The sixth generation of Core i7 (Skylake) demonstrated the best efficiency in a CPU yet.

Intel Core i7-7700K

Now imagine a processor that overclocks like Sandy Bridge under air cooling, like Ivy Bridge with the help of liquid nitrogen, and with Skylake’s efficiency. Could that be Kaby Lake? We’re going to find out.

For this little experiment, we’re using one of the latest motherboards to land in our French lab: MSI’s Z270X XPower Gaming Titanium.

Of course, processors are subject to the silicon lottery’s uncertainties, so we obtained multiple samples. You’ll see that the spread in what’s possible is large indeed.

De-Lidding Intel’s Core i7-7700K

Quite simply, de-lidding is the process of removing the integrated heat spreader that typically sits atop your CPU. The primary function of the IHS is to protect the die underneath, but by adding this shield between the fragile silicon and bulky heat sink, thermal transfer is restricted somewhat.

The Procedure

Although de-lidding was once considered an extreme measure reserved for the most hardcore enthusiasts, the process became more popular when it became clear that Intel’s Haswell-based CPUs ran hot, in part due to a different thermal interface material between the die and IHS.

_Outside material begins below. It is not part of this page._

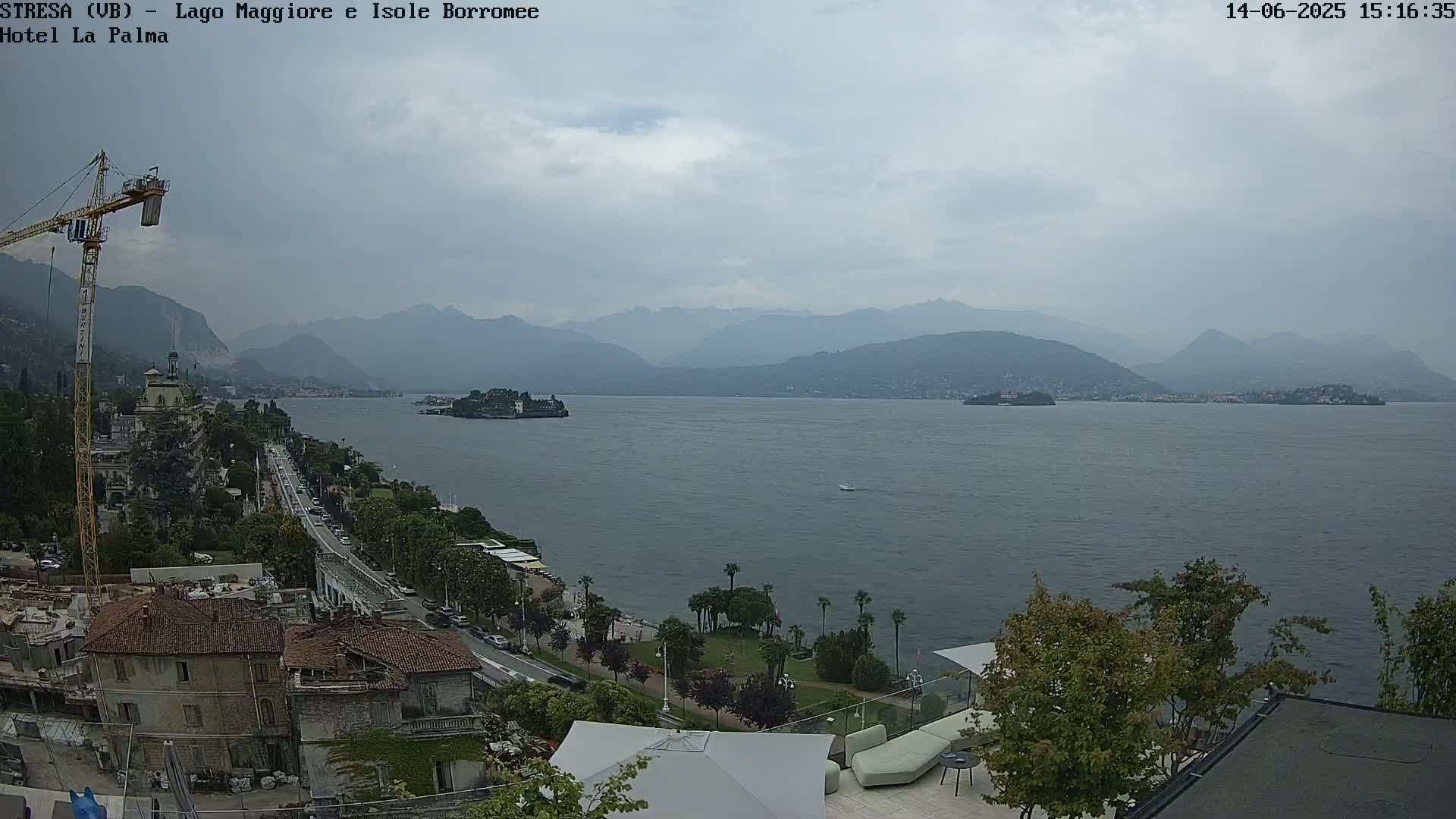 A view of a lake with distant mountains under a cloudy sky, showing a shoreline with buildings, trees, and a construction crane.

It’s no longer necessary to white-knuckle the procedure with a razor blade or workshop vice, though. To de-lid an Ivy Bridge, Haswell, Devil’s Canyon, Skylake, or Kaby Lake processor, you need a tool like the Delid Die Mate, some good thermal paste, and glue (optional, silicone is preferred).

Simply place the processor on the correct side of the tool, oriented properly, close the tool, and turn the screw until the black glue breaks free when the two parts separate.

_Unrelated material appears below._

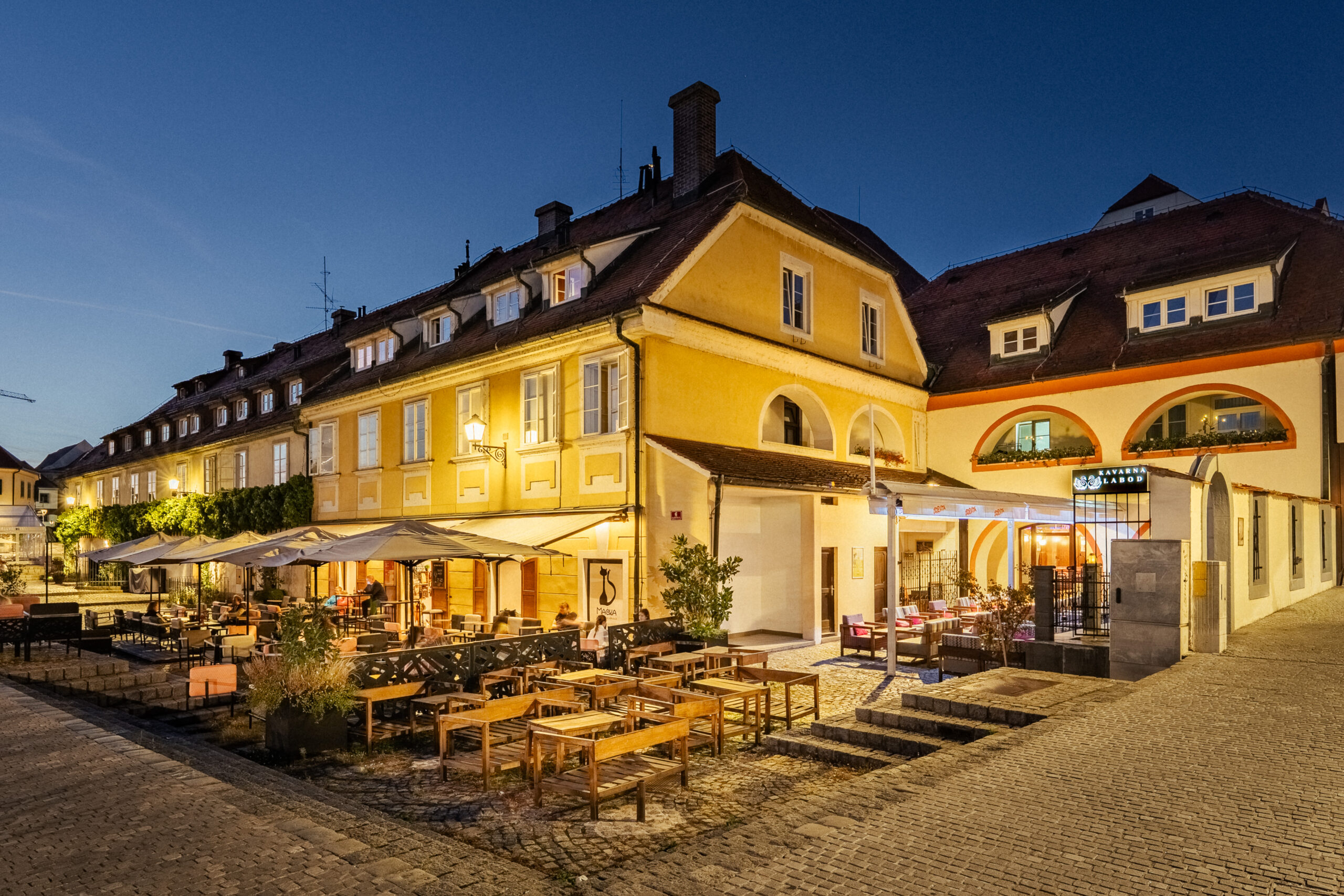 Illuminated hotel facade with outdoor seating at dusk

With the IHS removed, we can see Intel’s thermal paste, which looks quite dry. For information on how to thoroughly clean a bare chip (CPU or GPU), take a look at How To: Optimizing Your Graphics Card’s Cooling. We apply thermal paste (we’re using Thermal Grizzly Conductonaut) to the die and IHS. All that’s left is add a little glue and reseal the processor.

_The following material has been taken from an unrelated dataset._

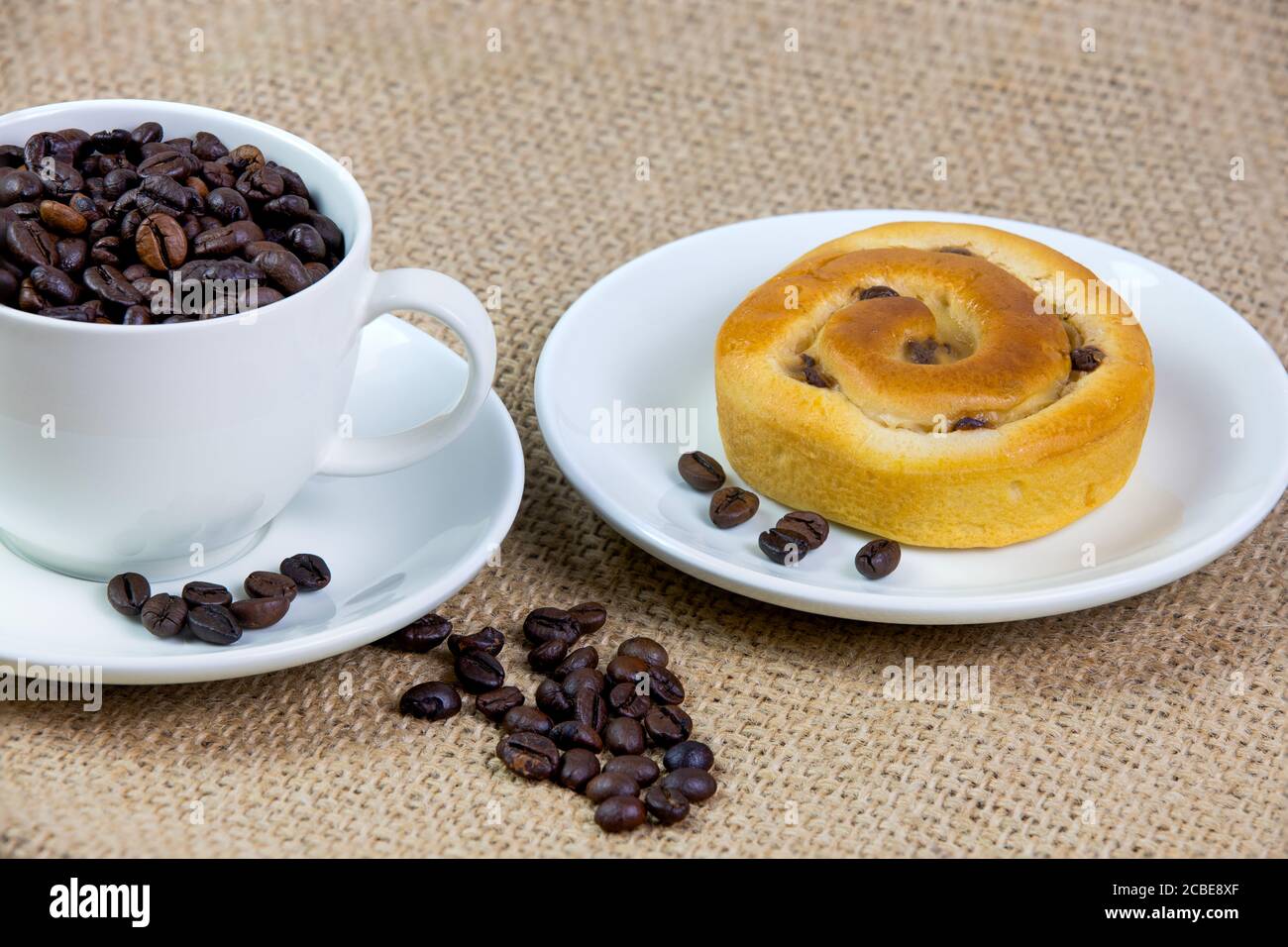 tasse mit geröstet Kaffeebohnen und Kuchen auf Jute Tischdecke Stockfoto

Rockit 88 — Intel CPU Delid Tool Kit

Thermal Paste

If heat isn’t removed from the die as quickly as it’s generated, the CPU’s internal temperature rises as a consequence. In order to minimize the IHS’ effect on thermal transfer, we need a good paste, which fills surface imperfections and eliminates the tiny pockets of air that’d otherwise inhibit heat sink performance. In this role, not all thermal pastes are created equal.

In the image above, the thermal paste on the left limits heat transfer, resulting in a hotter processor. The higher-quality compound in the middle performs better, helping our hypothetical CPU top out at 70°C. Finally, on the right, the die is covered with a premium product that keeps the processor’s temperature at a maximum of 60°C.

We’re going to compare three different thermal pastes:

  • Original thermal paste (Intel)
  • Thermal Grizzly Kryonaut
  • Thermal Grizzly Conductonaut

Intel’s thermal paste doesn’t always perform very well, but it is applied to all of the Kaby Lake-based processors. Because it’s unavoidable, it serves as a logical reference for our measurements.

Kryonaut is a solid performer with a conductivity of 12.5 W/mK. But it’s quite expensive (an 11g tube can be found for around $26). Still, in this piece it plays second fiddle to an even higher-end product.

At the top of our hierarchy we have Conductonaut, a metallic paste that is conductive. Its thermal conductivity is listed as 73 W/mK. But you cannot use it below freezing, or on aluminum surfaces. Its price is as high as its performance, at about $11 per gram!

Thermal Grizzly Conductonaut

Results

Of course, results can vary from one processor to the next, but the delta between cooling solutions remains fairly similar. To show the disparity, we’re using Prime95 with a CPU core voltage of 1.3V.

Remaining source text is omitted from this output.